-------- Records --------

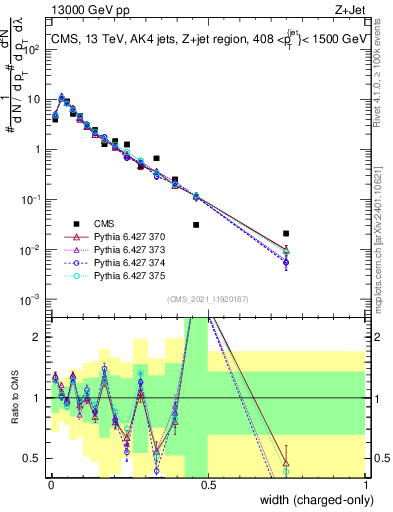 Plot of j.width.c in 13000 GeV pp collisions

--------
-------- Records --------

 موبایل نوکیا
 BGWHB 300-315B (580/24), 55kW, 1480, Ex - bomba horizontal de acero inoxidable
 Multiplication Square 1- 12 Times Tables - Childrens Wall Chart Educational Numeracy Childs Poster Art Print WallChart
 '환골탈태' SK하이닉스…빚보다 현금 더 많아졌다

--------
-------- Records --------

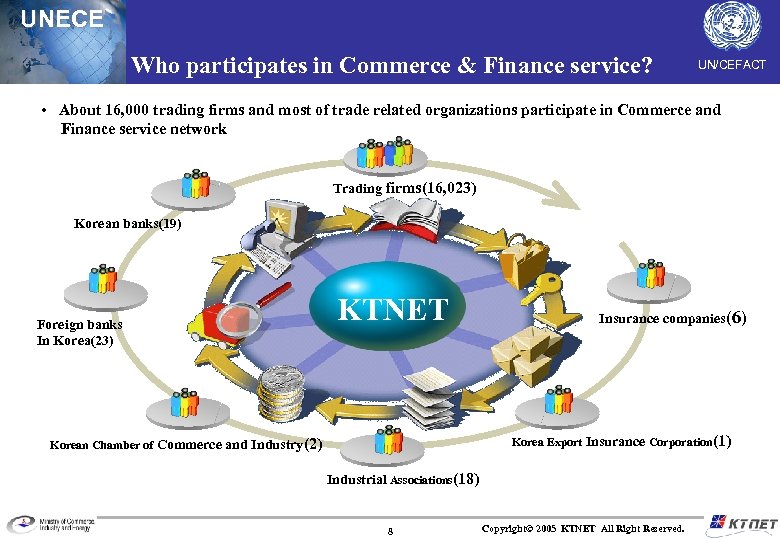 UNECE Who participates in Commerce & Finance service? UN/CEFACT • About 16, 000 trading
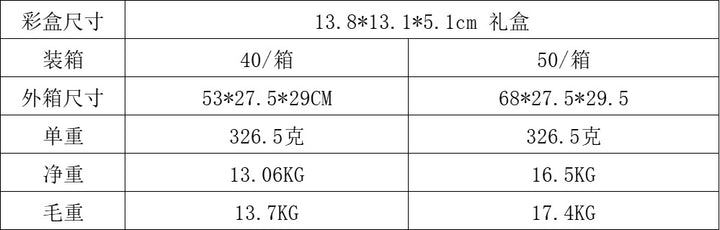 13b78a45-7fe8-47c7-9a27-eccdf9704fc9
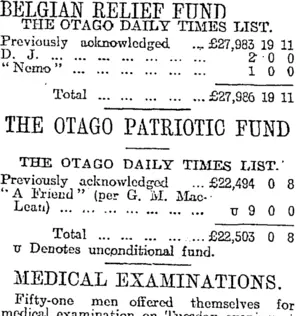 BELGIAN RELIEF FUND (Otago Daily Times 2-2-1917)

--------

Your goal:
Looking at the data above, write out exactly the lines that start at the one containing "Multiplication Square 1- 12" and end at the one containing "SK하이닉스…빚보다 현금 더 많아졌다"; include both and nothing beyond.

The answer:
 Multiplication Square 1- 12 Times Tables - Childrens Wall Chart Educational Numeracy Childs Poster Art Print WallChart
 '환골탈태' SK하이닉스…빚보다 현금 더 많아졌다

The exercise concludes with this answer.